Liberty’s efforts to brace itself for the financial impact of the ravaged schedule in the meantime include a complex internal reattribution that created from than $1billion in liquidity for F1.

It is also monitoring F1’s ability to comply with debt covenants and is in discussions with respective lenders about reinforcing this, though it is still currently within the permitted amount of debt vs revenue.

F1 has also furloughed more than half its workforce and senior executives have taken a voluntary pay cut.

Chairman and CEO Chase Carey also said that “a number of initiatives” that were due to be pursued this year have been deferred as part of F1’s contingency planning amid the crisis.

“We recognise we may lose a bit of time in implementing some of these plans however we felt the current uncertainties warranted the actions,” he said in a conference call with investors on Thursday.

“We’re actively engaged with lenders of our revolving credit facility to address potential issues.

“They’ve been very supportive as we work together to identify potential changes to the covenant to enable us to navigate through the possible scenarios, including the remote possibility of no racing in 2020.

“And we expect to agree to necessary changes in due course.”

Chase Carey F1 Liberty 2020

Despite planning for the worst case scenario, Carey reiterated that F1 is “increasingly confident, although there are no guarantees, that we will have a 2020 championship season”.

Measures to facilitate this include hosting two races at Austria’s Red Bull Ring, one week apart, to start the season and potentially bringing back a venue that was not on the provisional 2020 calendar to bolster the number of European behind-closed-door races.

Carey also said there was confidence that F1 would reassume a position of growth after 2020 as the coronavirus crisis could have a limited impact on F1.

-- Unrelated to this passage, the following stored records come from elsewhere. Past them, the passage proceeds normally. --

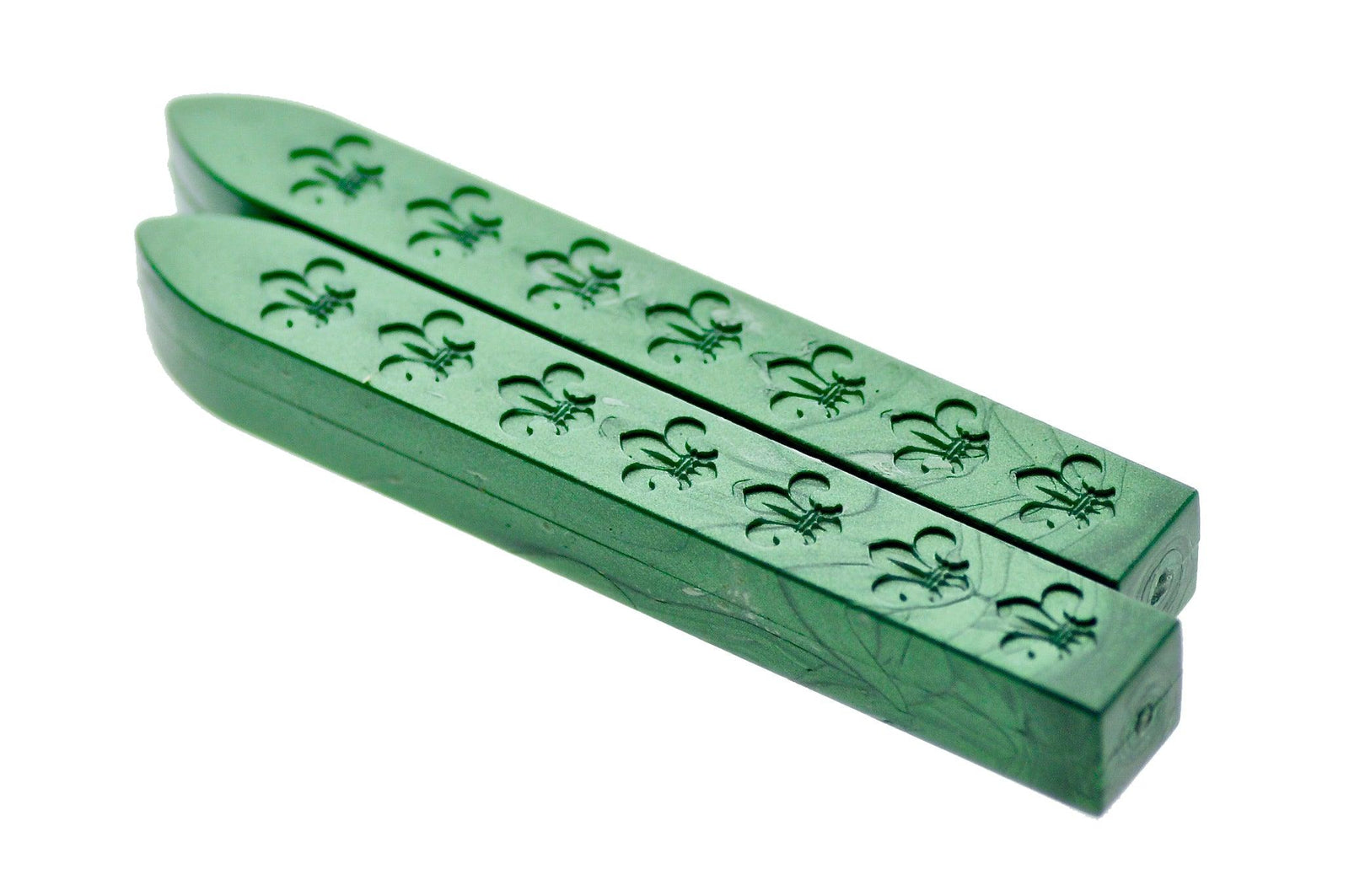 Forest Non-Wick Fleur Sealing Wax Stick - Backtozero B20 - fleur non wick, green, metallic, Non-Wick Sitck, Non-Wick Wax, sale, Sealing Wax, Wax Stick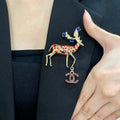 Signature Emblem Brooch in Polished Metal-Tone – Design 048 main product view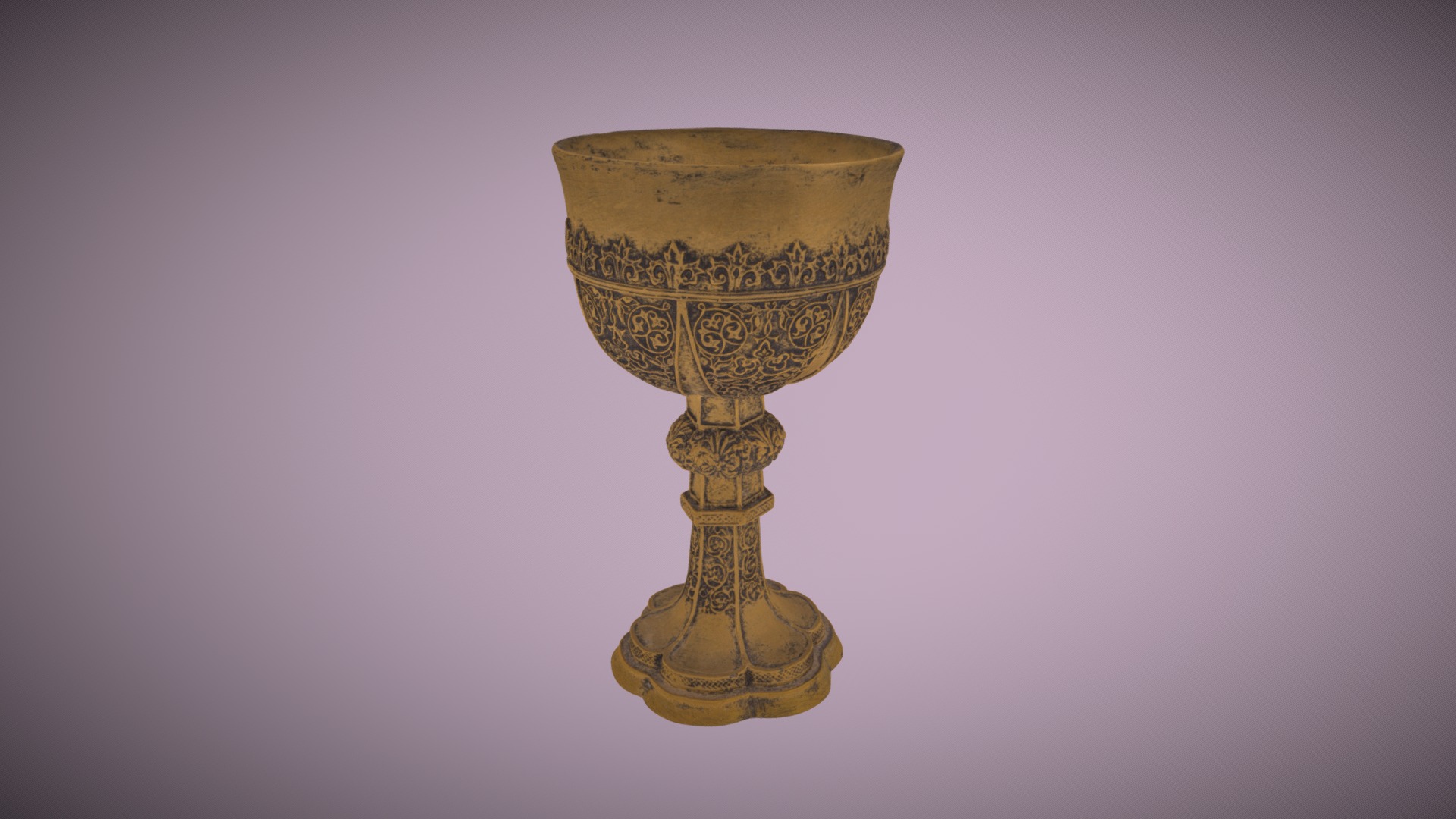 3D model Gold Cup - This is a 3D model of the Gold Cup. The 3D model is about a gold trophy with a silver top.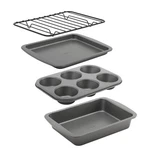 Goodcook Nonstick Steel Toaster Oven Set With Sheet 4-PIECE, Gray. Fixed Price $26.05.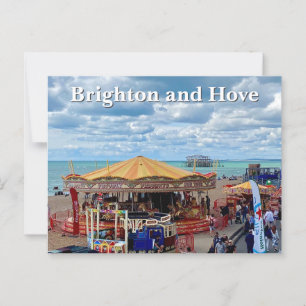 Carte Postale Promenade en front de mer de Brighton et de Hove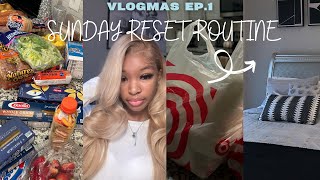 *REALISTIC* SUNDAY RESET LIVING ALONE AT 19 ! | target, groceries, new hair: vlogmas ep. 1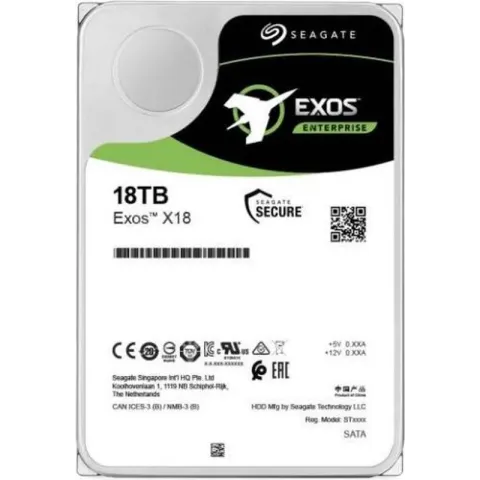 Seagate 8.9cm (3.5") 18TB SAS3 Exos X18 512e 7200 256MB intern bulk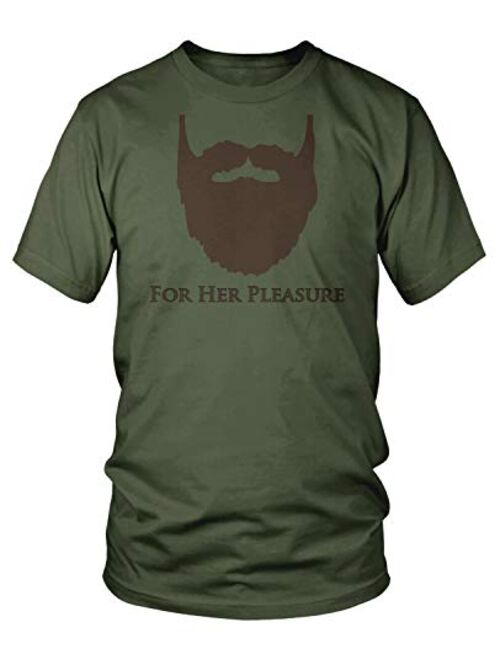 Amdesco Men's Bearded for Her Pleasure T-Shirt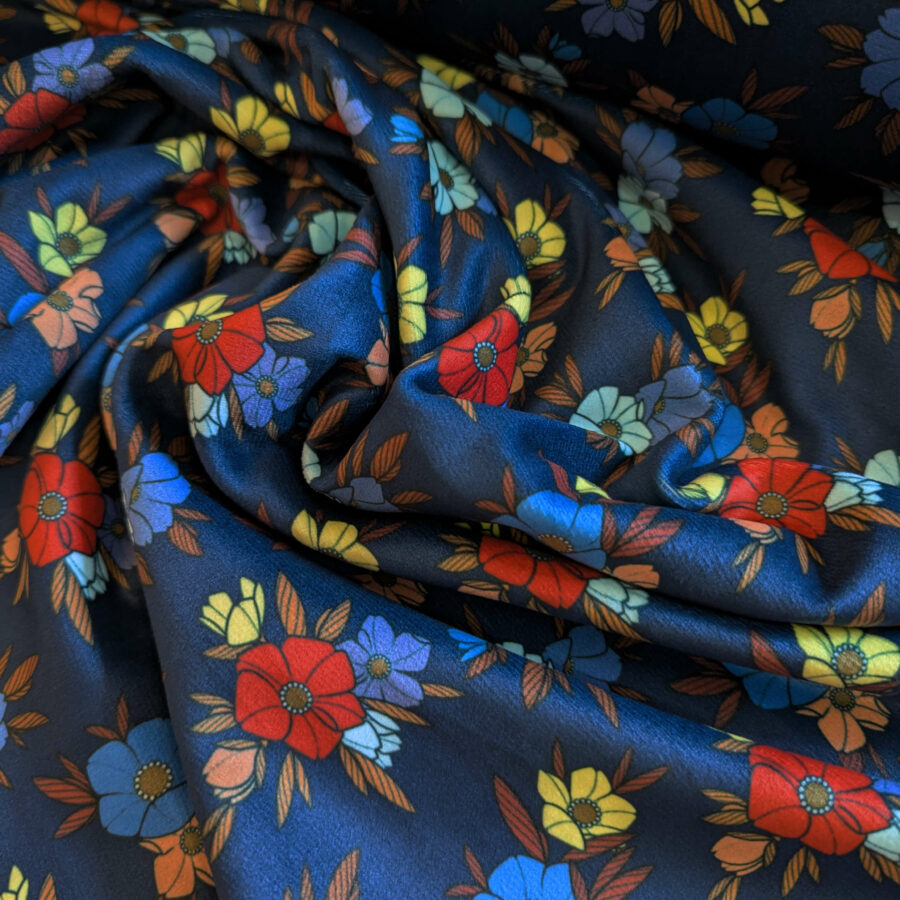 Jersey velours APRIL marine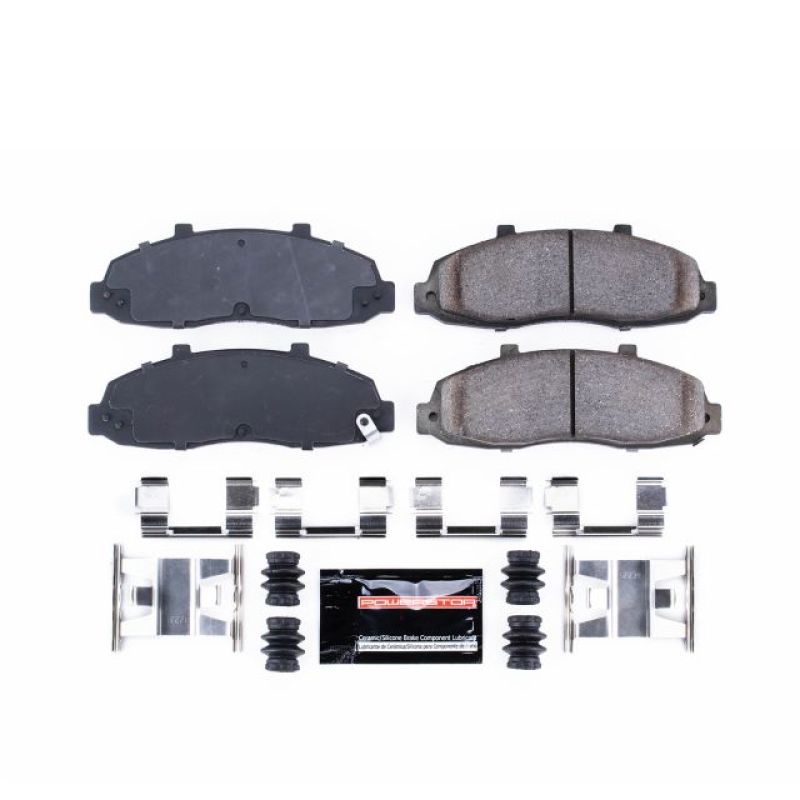 PowerStop Power Stop 97-03 Ford F-150 Front Z23 Evolution Sport Brake Pads w/Hardware - Brakes Rotors &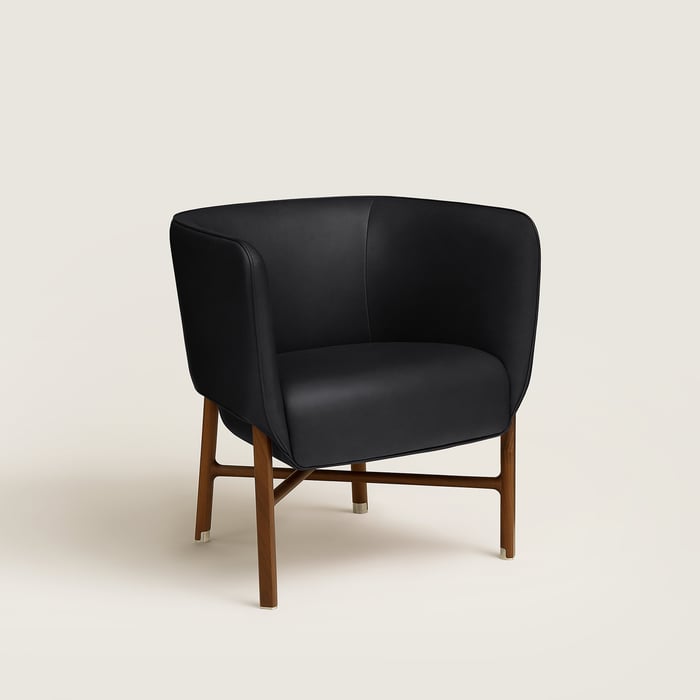 Noir Ébène Les Necessaires d'Hermès Cabriolet Chair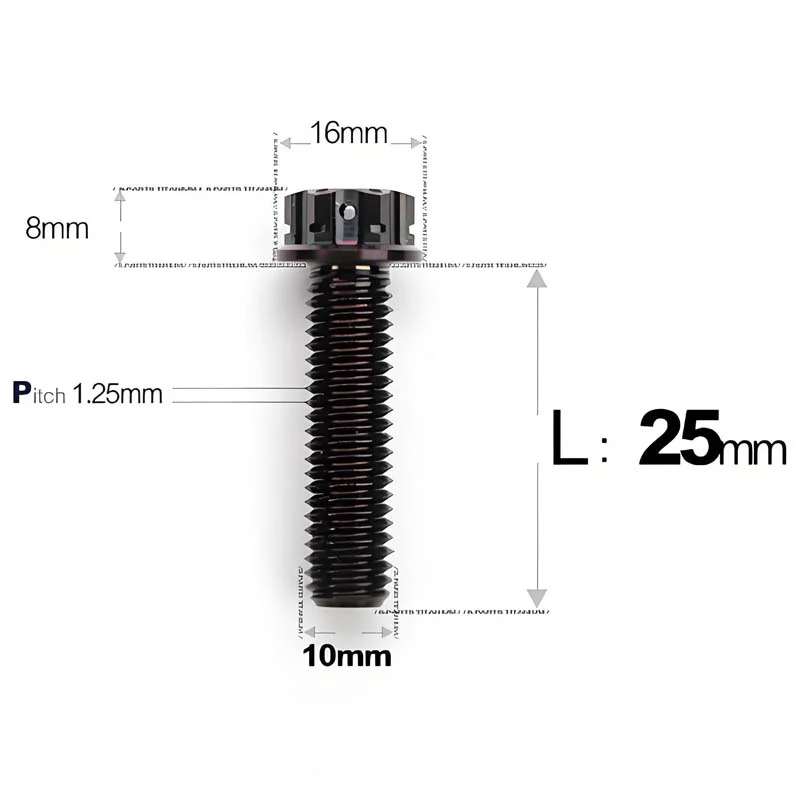 Titanium Motorcycle Mirror Base Mounting Bolts – M8 / M10 for TANAX AOS3 & AOS4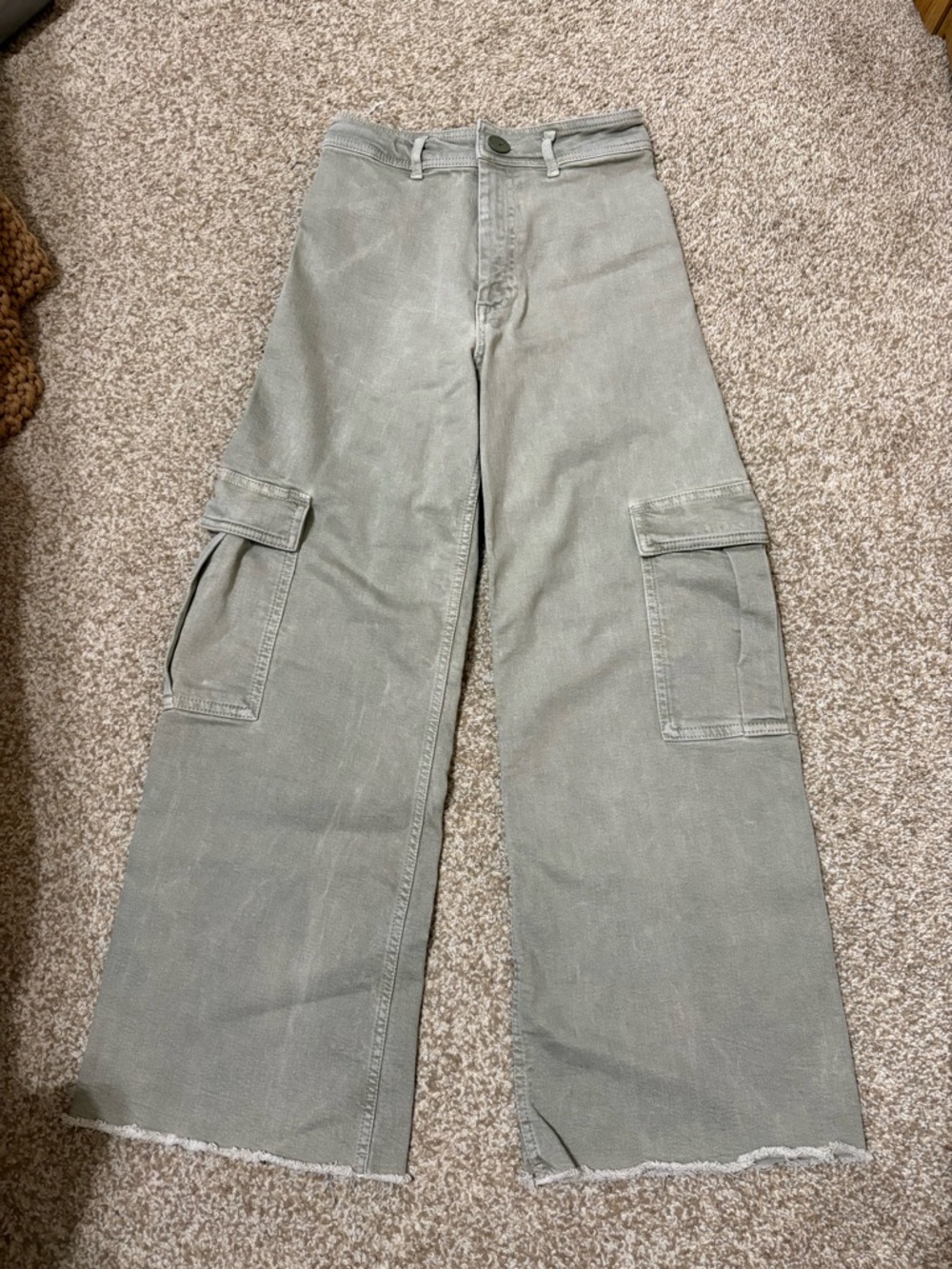 Zara Wide Leg Cargo Pants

“The 2020 results will be significantly below original expectations,” he admitted.

“But we believe it is equally clear that we can manage through 2020 with or without racing and more importantly that our business can quickly return to our prior expectations in 2021 and beyond.”

While F1’s main route to carrying out a season of racing is to start as soon as possible, and ending in mid-December, Carey said that a potential January 2021 finish was not off the table.

“Finishing in January is an option, we could do that,” he said.

“I think if we can, we’d like to finish in December, we’d obviously have to take a fairly long break through the holidays, you’re not going to race in the holiday weeks.

“But it is an option available to us that we’d have to work through with our promoters and work through with an array of parties to get there.

“It is something we’ve considered and talked about, but I’d say at this point, our goal is to finish a couple weeks later than our original date, but to finish in mid-December, ahead of the holidays.”